▶ _TASK OBJECTIVE_
What you return must match the records below character for character, except that no picture appears.

::: EXERCISE DATA :::

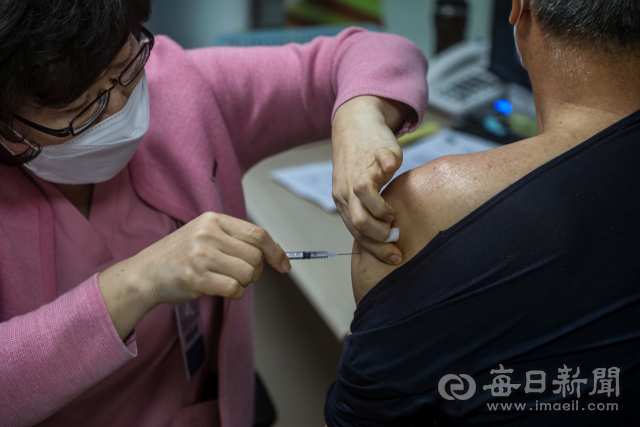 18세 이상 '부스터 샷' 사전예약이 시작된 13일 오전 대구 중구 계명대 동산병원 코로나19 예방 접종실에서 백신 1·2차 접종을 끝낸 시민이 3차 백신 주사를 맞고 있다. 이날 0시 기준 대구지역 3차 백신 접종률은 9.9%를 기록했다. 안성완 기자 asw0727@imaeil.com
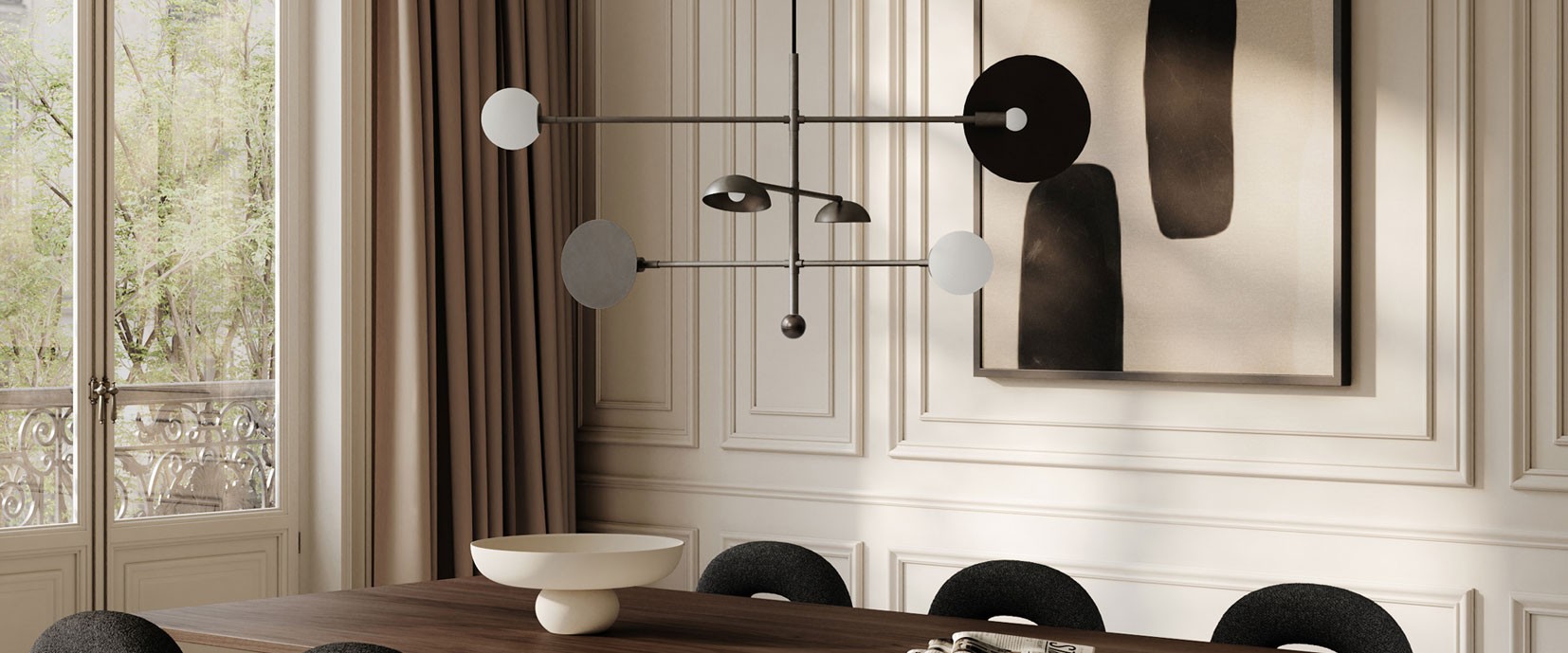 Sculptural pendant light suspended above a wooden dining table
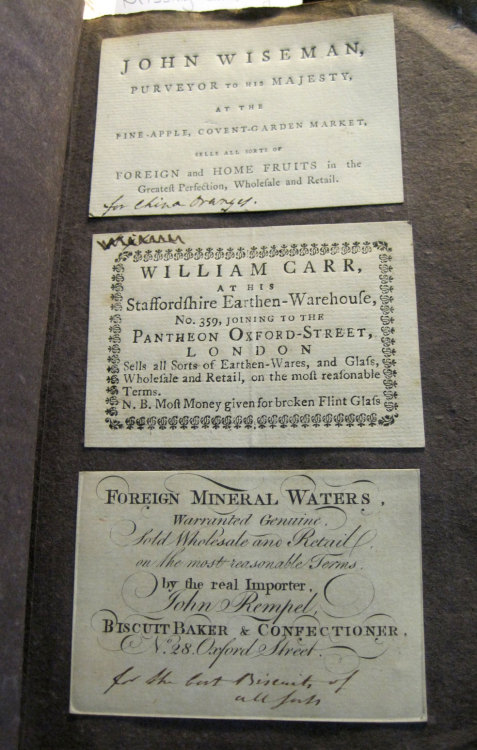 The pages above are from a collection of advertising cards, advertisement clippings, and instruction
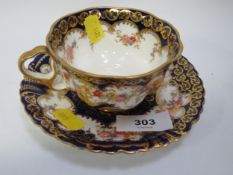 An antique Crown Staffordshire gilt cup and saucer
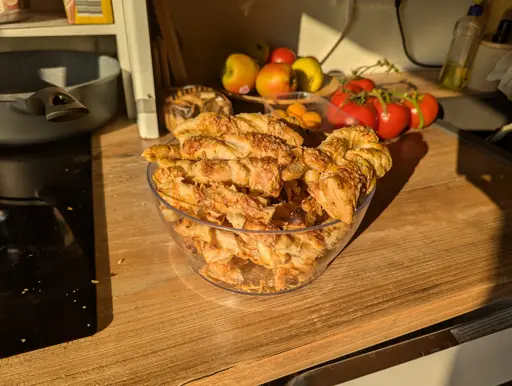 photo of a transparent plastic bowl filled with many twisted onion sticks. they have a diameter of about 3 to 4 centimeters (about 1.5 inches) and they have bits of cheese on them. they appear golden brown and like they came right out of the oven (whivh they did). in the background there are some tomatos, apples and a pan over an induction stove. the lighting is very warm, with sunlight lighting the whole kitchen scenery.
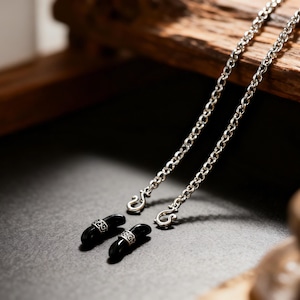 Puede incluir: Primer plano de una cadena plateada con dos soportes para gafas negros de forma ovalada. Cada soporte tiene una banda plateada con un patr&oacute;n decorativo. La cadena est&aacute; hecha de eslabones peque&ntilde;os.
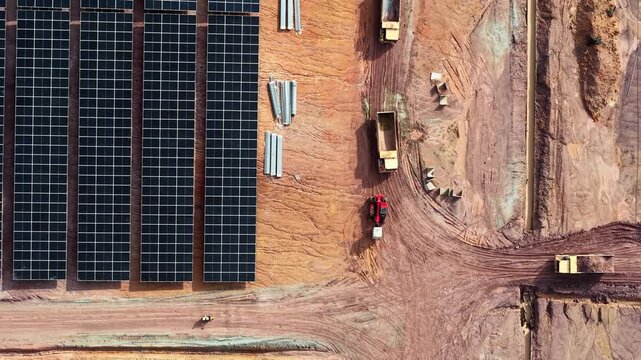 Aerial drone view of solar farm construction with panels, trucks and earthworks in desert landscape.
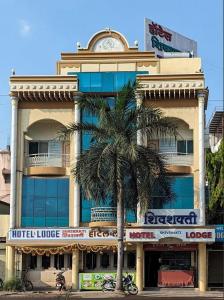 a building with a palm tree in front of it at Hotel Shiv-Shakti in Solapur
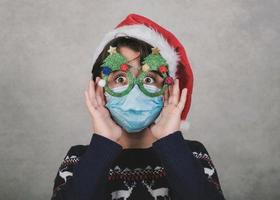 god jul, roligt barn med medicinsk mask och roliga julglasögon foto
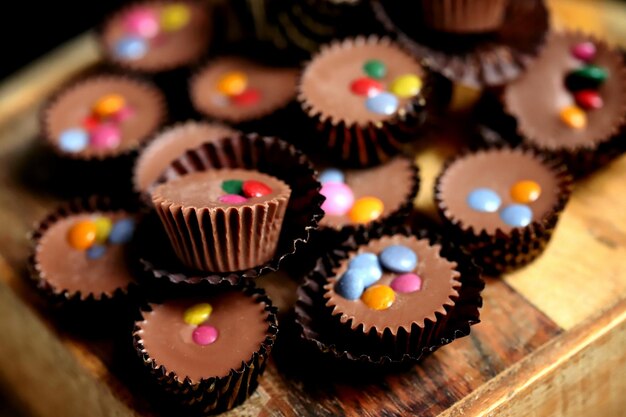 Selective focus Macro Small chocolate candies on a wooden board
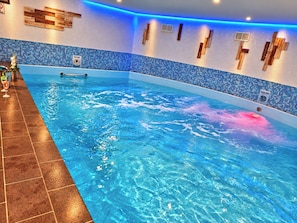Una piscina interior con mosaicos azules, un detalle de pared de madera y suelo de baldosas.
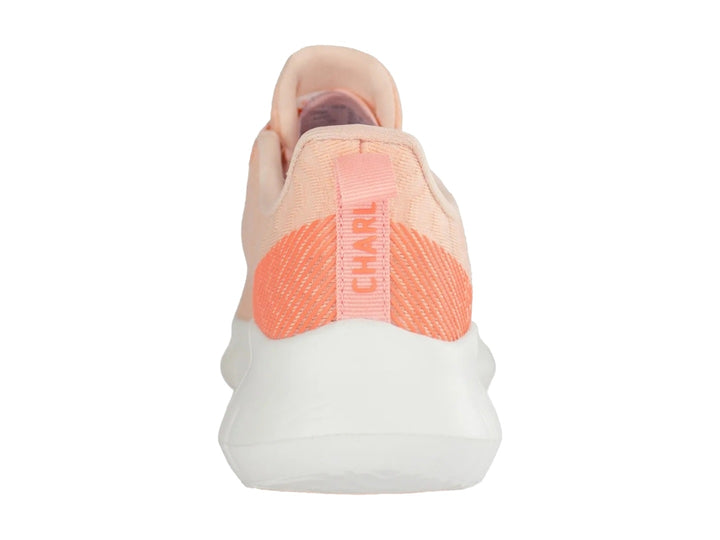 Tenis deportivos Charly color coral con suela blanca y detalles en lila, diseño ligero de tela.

:::

▶ _OUTPUT BELOW_
 18세 이상 '부스터 샷' 사전예약이 시작된 13일 오전 대구 중구 계명대 동산병원 코로나19 예방 접종실에서 백신 1·2차 접종을 끝낸 시민이 3차 백신 주사를 맞고 있다. 이날 0시 기준 대구지역 3차 백신 접종률은 9.9%를 기록했다. 안성완 기자 asw0727@imaeil.com
 Sculptural pendant light suspended above a wooden dining table
 The pages above are from a collection of advertising cards, advertisement clippings, and instruction
 An antique Crown Staffordshire gilt cup and saucer
 photo of a transparent plastic bowl filled with many twisted onion sticks. they have a diameter of about 3 to 4 centimeters (about 1.5 inches) and they have bits of cheese on them. they appear golden brown and like they came right out of the oven (whivh they did). in the background there are some tomatos, apples and a pan over an induction stove. the lighting is very warm, with sunlight lighting the whole kitchen scenery.
 Puede incluir: Primer plano de una cadena plateada con dos soportes para gafas negros de forma ovalada. Cada soporte tiene una banda plateada con un patr&oacute;n decorativo. La cadena est&aacute; hecha de eslabones peque&ntilde;os.
 Aerial drone view of solar farm construction with panels, trucks and earthworks in desert landscape.
 a building with a palm tree in front of it at Hotel Shiv-Shakti in Solapur
 god jul, roligt barn med medicinsk mask och roliga julglasögon foto
 Selective focus Macro Small chocolate candies on a wooden board
Una piscina interior con mosaicos azules, un detalle de pared de madera y suelo de baldosas.
 Tenis deportivos Charly color coral con suela blanca y detalles en lila, diseño ligero de tela.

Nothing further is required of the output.